─── Records provided

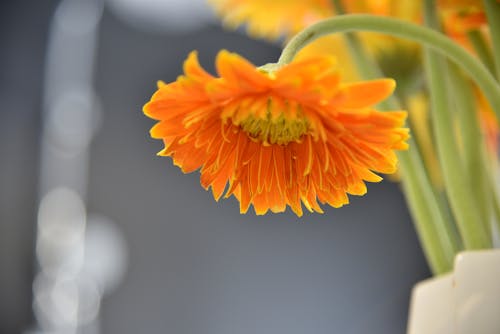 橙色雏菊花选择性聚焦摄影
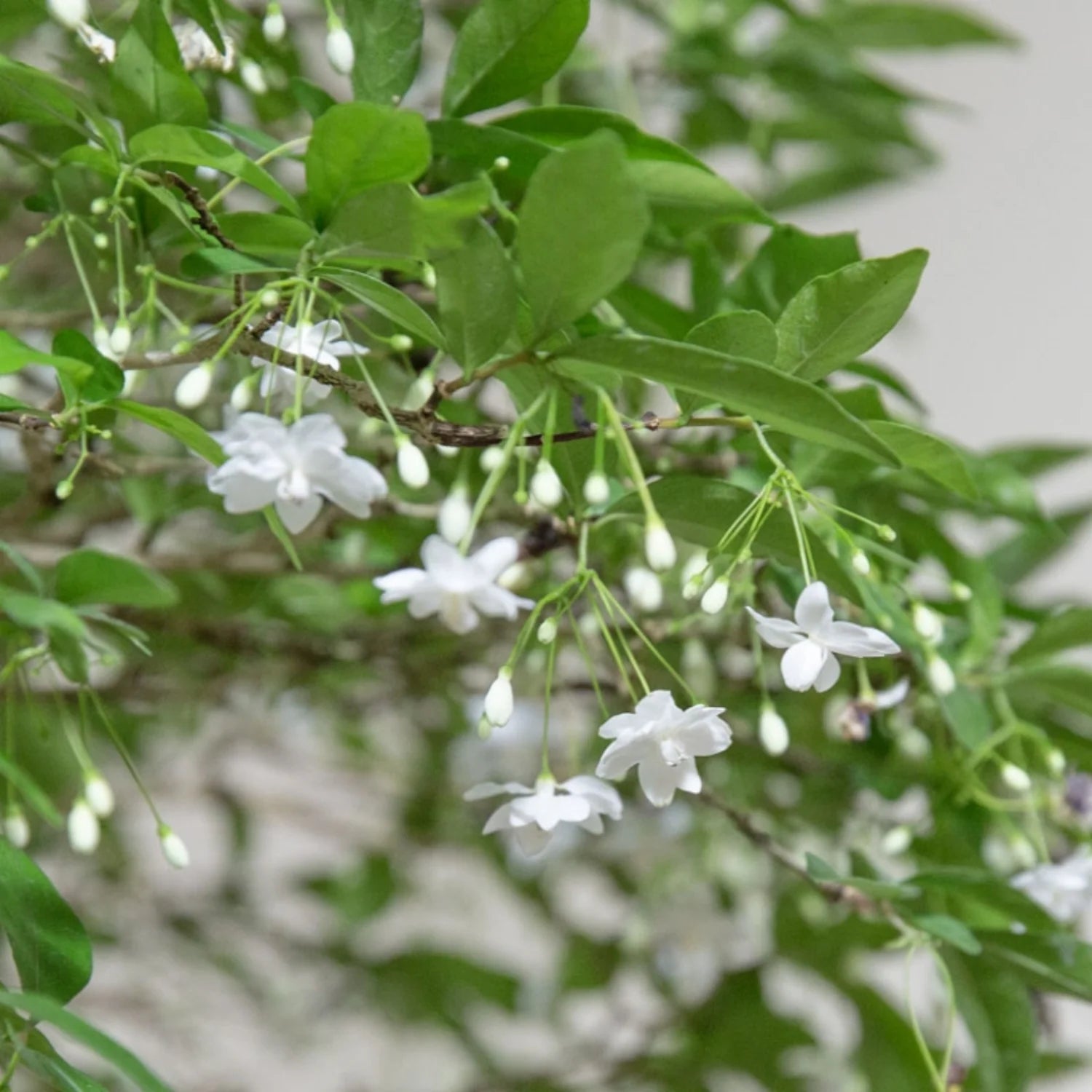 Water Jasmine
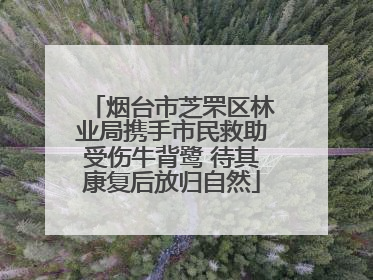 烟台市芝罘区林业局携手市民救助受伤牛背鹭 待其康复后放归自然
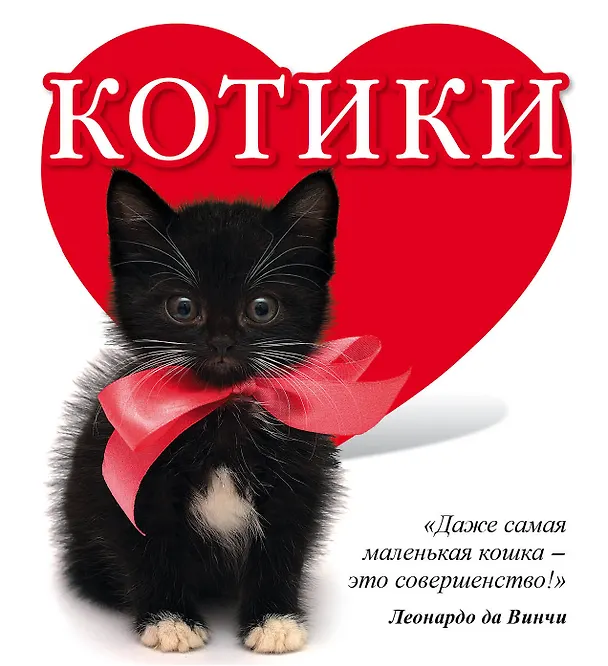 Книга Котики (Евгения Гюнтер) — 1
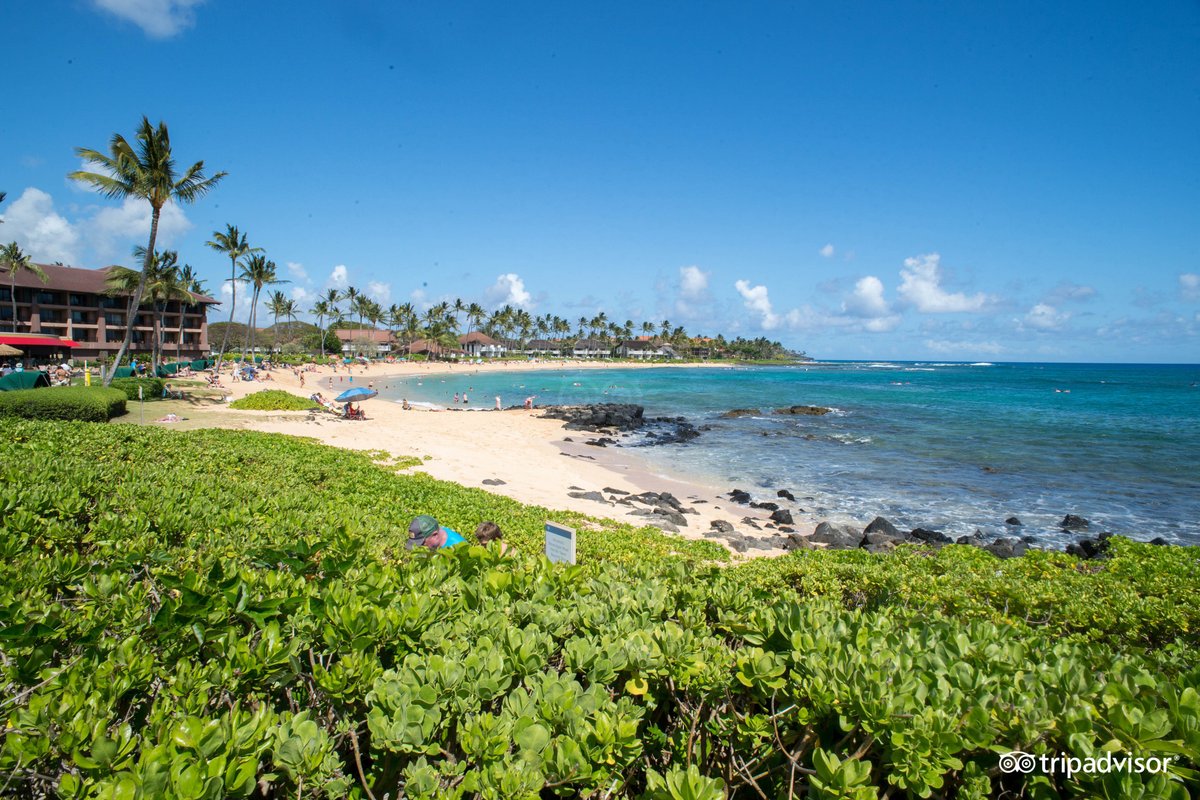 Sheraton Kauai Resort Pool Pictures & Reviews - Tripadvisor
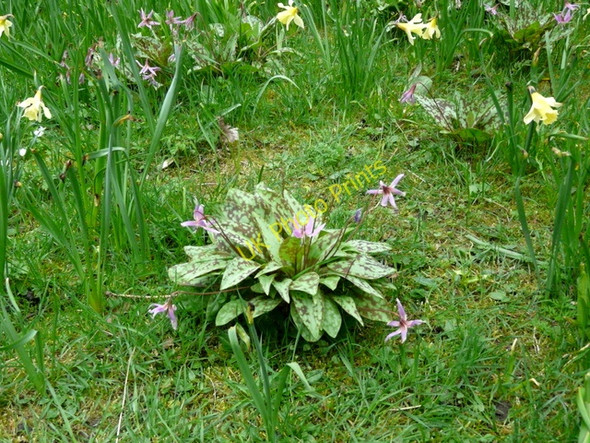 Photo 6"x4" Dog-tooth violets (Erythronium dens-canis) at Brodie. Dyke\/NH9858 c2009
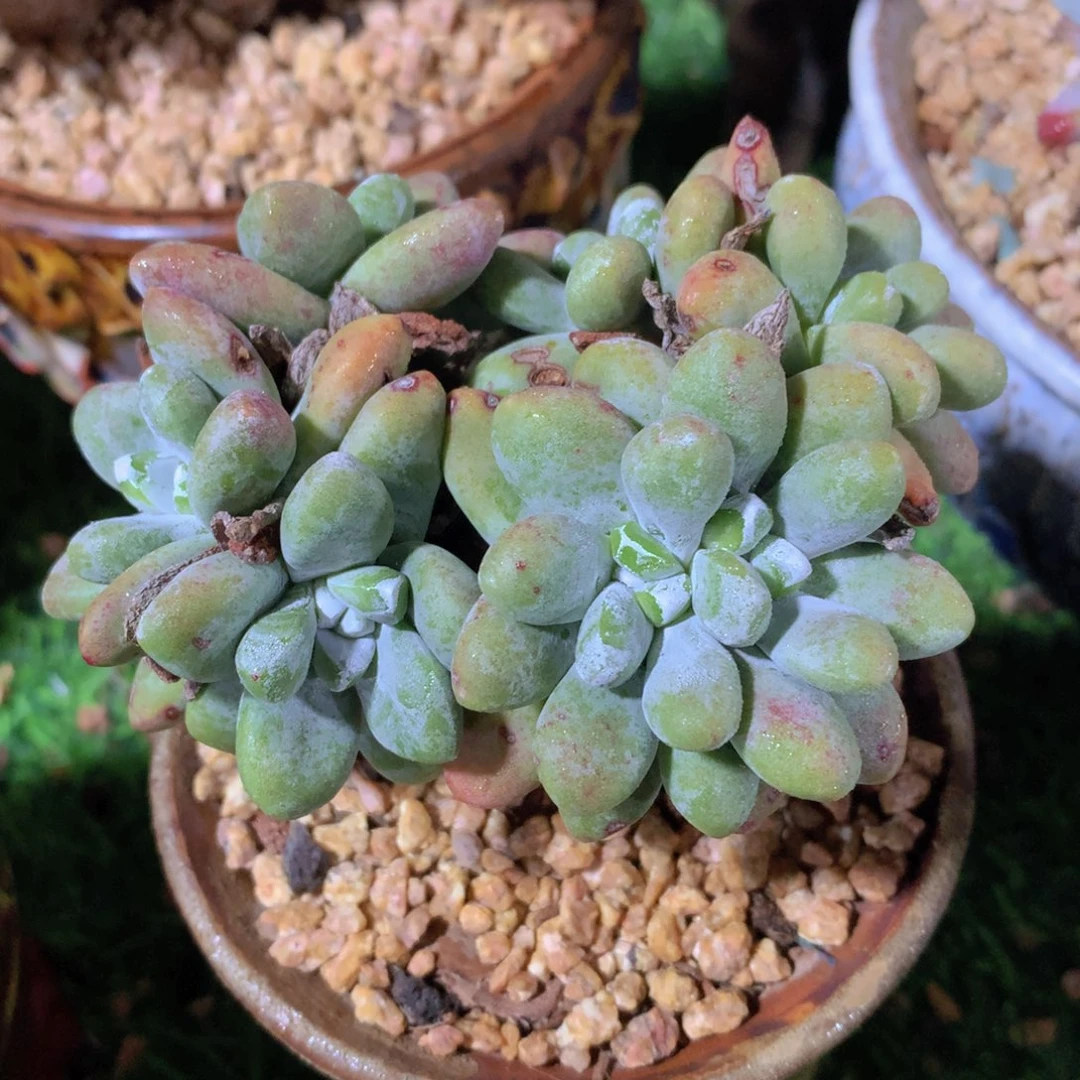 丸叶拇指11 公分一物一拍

──────

Problem to solve — Exclude the images and reproduce the remaining data exactly.

Solution for this exercise —
 橙色雏菊花选择性聚焦摄影
 Water Jasmine
 烟台市芝罘区林业局携手市民救助受伤牛背鹭 待其康复后放归自然
 Книга Котики (Евгения Гюнтер) — 1
 Sheraton Kauai Resort Pool Pictures & Reviews - Tripadvisor
 Photo 6"x4" Dog-tooth violets (Erythronium dens-canis) at Brodie. Dyke\/NH9858 c2009
 丸叶拇指11 公分一物一拍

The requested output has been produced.